Location
- 604 North Coyote Boulevard La Joya, Texas 78560 United States
- Coordinates: 26°15′12″N 98°28′23″W﻿ / ﻿26.253452°N 98.472927°W

Information
- School type: Public, High School
- Founded: 1941
- School district: La Joya ISD
- School number: (956)-323-2870
- Principal: Ricardo Estrada
- Teaching staff: 223.87 (FTE)
- Grades: 9–12
- Enrollment: 2,624 (2023-2024)
- Student to teacher ratio: 11.72
- Language: English
- Campus: Suburban
- Colors: Red and White
- Mascot: Coyote
- Communities served: Sullivan City La Joya Peñitas Palmview
- Feeder schools: Lorenzo De Zavala Middle School Cesar E. Chavez Middle School Dr. Javier Saenz Middle School Ann Richards Middle School
- Sister schools: Palmview High School Juarez-Lincoln High School
- Website: ljhs.lajoyaisd.com

= La Joya High School =

La Joya High School is a Texas UIL Division 6A high school in the La Joya Independent School District named after the city it resides in, La Joya. The school is home to students that live on the west and south areas of La Joya ISD.

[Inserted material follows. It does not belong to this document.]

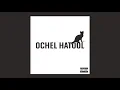 Omri Kaplan - APA (official audio)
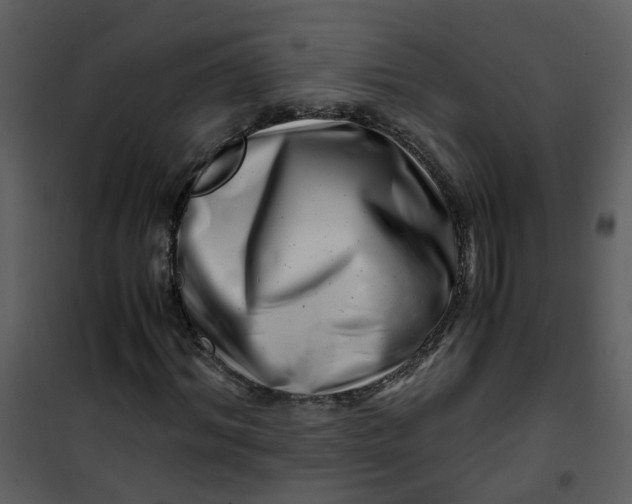 X0000101170964200807181419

La Joya HS serves the cities of La Joya, Peñitas, and Sullivan City, as well as the census-designated places of Abram, Cuevitas, Havana, and Los Ebanos. It also serves parts of the City of Palmview and parts of the census-designated places of Doffing, Palmview South, and Perezville.

== History ==
La Joya ISD had been home to a single high school entity since the district (then known as Tabasco ISD) erected Nellie Schunior Memorial High School in 1926, six years after the death of Nellie Leo Schunior, the first education pioneer in the district's current boundaries. La Joya High School was later created, in order to house the growing number of students that Nellie Schunior Memorial High School could not accommodate. As the years rapidly passed, the communities within the district boundaries began to flourish, and the district population exploded. La Joya High School, being the sole high school within the 226 sqmi of land, grew to enormous proportions. For a long time, La Joya High School housed 9-12 grades. Eventually, the student population grew too much and a separate Ninth Grade Campus was built adjacent to La Joya High School. In 1993 over 3,000 students were enrolled at La Joya High School, and enrollment was sharply increasing throughout the La Joya Independent School District.

==Early College High School==
La Joya Early College High School is a designated early college established in 2012 and located within La Joya High School as a school-within-a-school. The school-within-a-school model allows students at La Joya Early College to participate in all extracurricular activities offered at La Joya High School. Dating back to its founding, the school has made use of classrooms and facilities that are part of larger host schools, at one point sharing space alongside the La Joya ISD College and Career Center, South Texas College, and Jimmy Carter Early College.

La Joya Early College has established a Memorandum of Understanding (MOU) with South Texas College. This partnership offers dual enrollment courses, enabling students to attain an associate degree in interdisciplinary studies.